Les écueils, Céline Sciamma les évite ainsi pendant tout le film. Tout en étant réaliste dans son approche de l’adolescence, par son choix d’éviter la caractérisation de ses personnages par une logorrhée verbale habituelle du genre, de ne traiter son sujet uniquement au travers du point de vue de ses protagonistes, et surtout par ses choix de mise en scène, la réalisatrice évite astucieusement un naturalisme trop prononcé qui aurait alors plombé le film.

Car le charme de Naissance… réside surtout dans les petits détails scénographiques, dans certaines séquences remarquables, dans le choix de la couleur, de la musique… qui, sans être trop arty, trouvent toujours un ton cinématographique à la fois juste et original, toujours à la limite de la réalité et du fantasme, de l’image objective et de l’image subjective. La recherche du film autour de la couleur, par exemple, est remarquable en bien des points. Sans jamais, encore une fois, tomber dans le défaut d’avoir des univers de couleur primaire (ici bleu et rouge) trop symbolistes, la réalisatrice les travaillent comme les bases de la transition du monde innocent de l’enfance vers le monde compliqué de l’adolescence. Le bleu n’est que la couleur de l’eau de la piscine où Marie découvrira Floriane, le rouge n’est que la couleur du rideau de sa baignoire dans laquelle elle se décidera à suivre son obsession pour la belle nageuse : ainsi sont posés des bases qui évolueront tout le film. 

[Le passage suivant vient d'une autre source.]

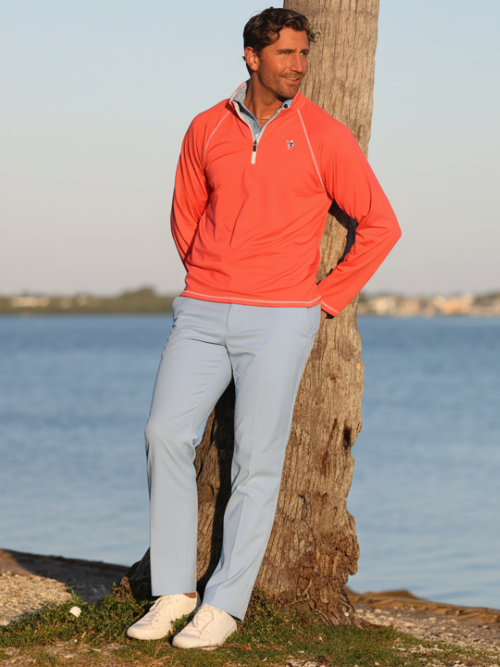 Man in an orange pullover and light blue pants leaning against a tree by a body of water.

Pour finir, il est essentiel de rappeler l’extraordinaire travail du compositeur Para One, pour ce film. Il est vrai que sans les partitions de l’artiste électro français (lui aussi passé à la Femis, en réalisation), Naissance des Pieuvres n’aurait peut-être pas laissé une telle trace dans le cinéma français de ces dernières années. Sans jamais être trop présente, la bande originale du film n’a de cesse, tout au long, de développer plusieurs thèmes tout aussi lancinants les uns que les autres, appuyant avec justesse la mise en scène organique de Céline Sciamma. Longtemps après la vision de Naissance des Pieuvres, ce ne sont pas que les images, l’histoire, les actrices qui restent en tête au spectateur mais aussi cette musique qui pose magnifiquement la douce mélancolie qui reste après une dernière image saisissante. Marie, dans l’eau, accompagnée par cette partition, regarde en l’air, nous regarde, lancée à pleine vitesse dans sa future vie d’adulte, accompagnée par les envolées lyriques de Para One. 

© Haut et Court

© Haut et Court

Céline Sciamma, donc, achève son film comme chaque film sur l’adolescence se doit d’être achevé, par une fin ouverte sur la béance énorme de l’âge adulte. Et si son film manque parfois d’intensité (on ne saurait lui reprocher ce petit défaut à côté de ses immenses qualités), c’est avec une grande dextérité qu’elle achève une œuvre douce, attachante, émouvante, réussissant à laisser gravées dans la rétine de celui qui la regarde les sensations et les émotions qui font que les apparemment petits films, aux pseudos petites ambition, deviennent de grands films de cœur gravés dans notre mémoire.